L’époque où les futurs journalistes rêvaient avant tout d’intégrer une grande rédaction semble s’éloigner. Selon une étude de l’Ifop réalisée pour l’agence Angie, une nouvelle génération privilégie désormais l’indépendance, les réseaux sociaux et l’entrepreneuriat médiatique. Une évolution qui redessine profondément les contours de la profession.
Le CDI dans une grande rédaction n’est plus l’horizon naturel des étudiants en journalisme. Aujourd’hui, beaucoup envisagent leur avenir autrement : créer leur propre média, développer une communauté et maîtriser l’ensemble de leur production éditoriale. C’est le constat dressé par une enquête de l’Ifop, qui révèle l’ampleur des mutations à l’œuvre dans une profession confrontée à la révolution numérique.
L’étude montre que 78 % des jeunes journalistes souhaitent lancer leur propre média. Une ambition également partagée par les étudiants des écoles de journalisme, dont près des deux tiers se voient davantage créateurs de contenus que salariés d’une rédaction traditionnelle.
Une information plus incarnée
Cette évolution traduit un changement de culture. Les nouvelles générations souhaitent développer une relation directe avec leur public, sans intermédiaire. Les plateformes numériques, les newsletters, les podcasts ou les chaînes vidéo offrent aujourd’hui la possibilité de diffuser une information ciblée tout en construisant une identité éditoriale forte.
Le journaliste devient ainsi autant un professionnel de l’information qu’un entrepreneur de sa propre marque. Son expertise ne se mesure plus uniquement à la qualité de ses articles, mais aussi à sa capacité à fédérer une audience fidèle.
L’intelligence artificielle s’impose
L’autre enseignement majeur de l’étude concerne l’intelligence artificielle. Loin de susciter une méfiance généralisée, elle est déjà largement intégrée dans les pratiques professionnelles. Près de neuf jeunes journalistes sur dix déclarent utiliser des outils d’IA pour préparer leurs sujets, rechercher des experts, organiser leurs idées ou améliorer leurs textes.

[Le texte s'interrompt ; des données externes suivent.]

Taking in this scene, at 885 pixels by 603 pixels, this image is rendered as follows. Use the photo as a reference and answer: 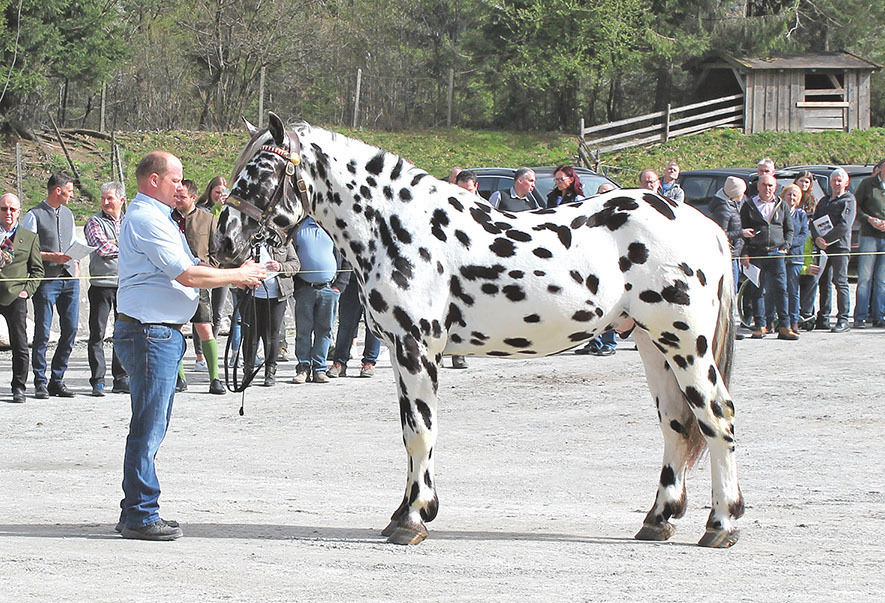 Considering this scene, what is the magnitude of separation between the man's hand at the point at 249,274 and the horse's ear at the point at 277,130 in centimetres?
72

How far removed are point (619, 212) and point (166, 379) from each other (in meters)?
2.79

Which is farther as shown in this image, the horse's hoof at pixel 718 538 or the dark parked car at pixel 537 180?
the dark parked car at pixel 537 180

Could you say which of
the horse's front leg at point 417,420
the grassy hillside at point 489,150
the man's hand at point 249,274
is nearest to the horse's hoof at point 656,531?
the horse's front leg at point 417,420

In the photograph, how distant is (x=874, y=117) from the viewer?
153ft

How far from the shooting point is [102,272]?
13039 millimetres

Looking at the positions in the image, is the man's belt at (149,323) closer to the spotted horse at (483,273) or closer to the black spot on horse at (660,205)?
the spotted horse at (483,273)

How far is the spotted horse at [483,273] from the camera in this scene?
675 centimetres

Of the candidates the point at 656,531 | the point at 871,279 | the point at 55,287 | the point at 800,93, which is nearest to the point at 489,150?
the point at 800,93

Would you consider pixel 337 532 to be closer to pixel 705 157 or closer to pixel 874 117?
pixel 705 157

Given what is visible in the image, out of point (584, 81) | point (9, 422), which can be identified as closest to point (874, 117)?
point (584, 81)

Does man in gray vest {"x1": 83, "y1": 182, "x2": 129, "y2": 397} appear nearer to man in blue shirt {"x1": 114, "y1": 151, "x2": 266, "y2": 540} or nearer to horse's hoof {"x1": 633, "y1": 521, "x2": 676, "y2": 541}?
man in blue shirt {"x1": 114, "y1": 151, "x2": 266, "y2": 540}

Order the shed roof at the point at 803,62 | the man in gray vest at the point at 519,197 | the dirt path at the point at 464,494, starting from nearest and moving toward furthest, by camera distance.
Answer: the dirt path at the point at 464,494 → the man in gray vest at the point at 519,197 → the shed roof at the point at 803,62

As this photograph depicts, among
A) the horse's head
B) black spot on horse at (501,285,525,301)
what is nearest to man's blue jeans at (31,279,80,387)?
the horse's head

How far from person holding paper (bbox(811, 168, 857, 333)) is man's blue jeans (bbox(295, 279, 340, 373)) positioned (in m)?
7.29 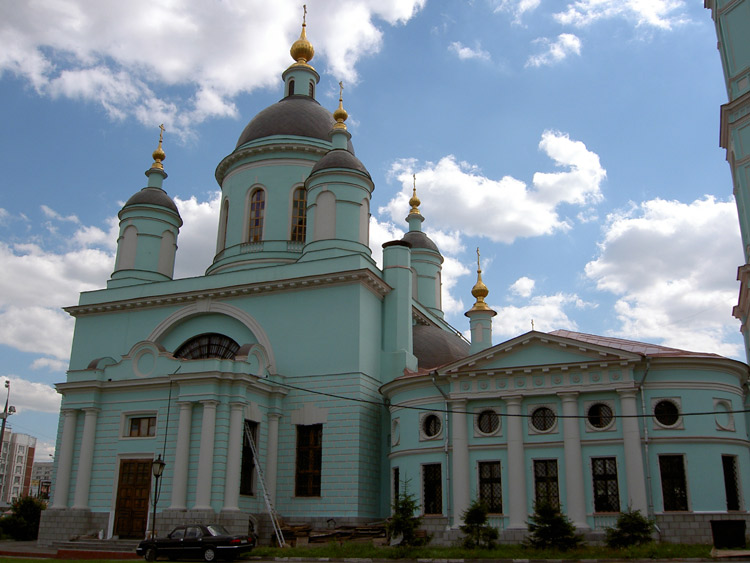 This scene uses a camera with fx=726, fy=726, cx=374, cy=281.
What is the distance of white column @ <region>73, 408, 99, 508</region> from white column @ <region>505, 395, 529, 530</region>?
13.2m

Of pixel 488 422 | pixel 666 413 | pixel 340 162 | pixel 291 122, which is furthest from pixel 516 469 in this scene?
pixel 291 122

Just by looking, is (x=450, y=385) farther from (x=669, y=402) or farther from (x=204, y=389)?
(x=204, y=389)

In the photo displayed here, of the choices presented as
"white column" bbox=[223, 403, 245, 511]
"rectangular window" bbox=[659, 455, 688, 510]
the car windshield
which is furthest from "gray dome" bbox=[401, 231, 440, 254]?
the car windshield

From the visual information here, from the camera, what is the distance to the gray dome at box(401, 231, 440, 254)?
Answer: 124ft

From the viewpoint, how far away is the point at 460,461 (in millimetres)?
20766

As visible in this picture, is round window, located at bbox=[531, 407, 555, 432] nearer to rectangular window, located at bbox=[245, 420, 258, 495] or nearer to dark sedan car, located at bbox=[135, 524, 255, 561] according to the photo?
dark sedan car, located at bbox=[135, 524, 255, 561]

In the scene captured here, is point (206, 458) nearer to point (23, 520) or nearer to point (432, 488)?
point (432, 488)

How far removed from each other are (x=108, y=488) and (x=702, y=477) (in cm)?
1741

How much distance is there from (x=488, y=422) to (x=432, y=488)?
8.50 ft

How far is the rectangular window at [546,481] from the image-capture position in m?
19.6

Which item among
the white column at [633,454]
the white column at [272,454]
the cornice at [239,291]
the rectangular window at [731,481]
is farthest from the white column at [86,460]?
the rectangular window at [731,481]

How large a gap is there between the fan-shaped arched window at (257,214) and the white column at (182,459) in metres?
9.41

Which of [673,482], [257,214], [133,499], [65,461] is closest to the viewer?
[673,482]

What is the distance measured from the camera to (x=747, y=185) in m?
19.9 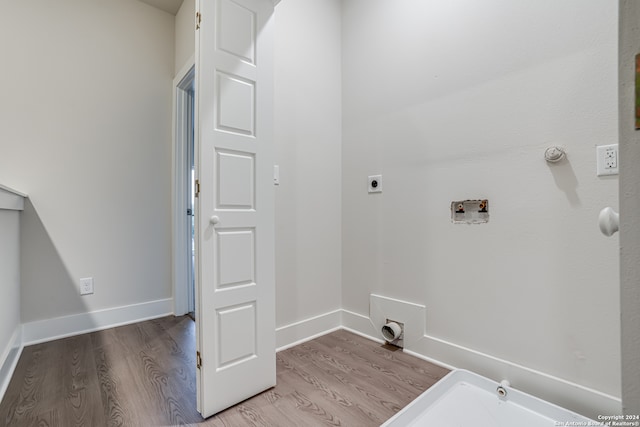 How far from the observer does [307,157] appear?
2.14m

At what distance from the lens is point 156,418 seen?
4.26 ft

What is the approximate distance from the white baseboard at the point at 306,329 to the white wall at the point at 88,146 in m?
1.27

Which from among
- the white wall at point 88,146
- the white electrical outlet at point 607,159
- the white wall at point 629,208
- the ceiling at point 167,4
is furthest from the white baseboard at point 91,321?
the white electrical outlet at point 607,159

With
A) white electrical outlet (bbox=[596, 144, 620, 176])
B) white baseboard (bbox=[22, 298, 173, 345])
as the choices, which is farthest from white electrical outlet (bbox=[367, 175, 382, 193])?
white baseboard (bbox=[22, 298, 173, 345])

Pour Amélie Aubry, VP RP/Influence & Associée chez ANGIE « L’IA s’est invitée dans les rédactions, et elle n’en repartira pas. 83 % des étudiants et 88 % des jeunes professionnels l’utilisent déjà, dont 15 % et 26 % plus de deux heures par jour. Pas seulement pour synthétiser ou traduire : l’IA sert à sourcer des experts, vérifier des faits, corriger les biais idéologiques et politiques inconscients, ou tester des angles. Mais les garde-fous restent fragiles : à peine la moitié vérifie systématiquement les informations, et moins d’un tiers croise les résultats entre plusieurs IA. L’outil avance plus vite que la vigilance. L’IA ne remplace pas la rigueur, elle la met à l’épreuve.
Cette adoption rapide s’accompagne toutefois d’une vigilance encore imparfaite. Tous ne vérifient pas systématiquement les réponses produites par ces outils, alors que les risques d’erreurs ou d’informations inexactes demeurent bien réels.
Les fondamentaux restent indispensables
Pour autant, cette transformation ne signifie pas l’abandon des principes fondateurs du métier. Bien au contraire. Dans un univers saturé de contenus, la crédibilité devient un avantage concurrentiel. Vérifier les faits, croiser les sources, hiérarchiser l’information et respecter une éthique demeurent les marqueurs essentiels du journalisme.
L’étude de l’Ifop dessine ainsi le portrait d’une génération qui ne tourne pas le dos à la profession, mais qui entend l’exercer différemment. Plus autonome, plus visible, plus entrepreneuriale, elle considère le média moins comme une entreprise à rejoindre que comme un projet à bâtir. Une évolution qui oblige les rédactions traditionnelles à repenser leur attractivité et leur manière d’accompagner les talents de demain.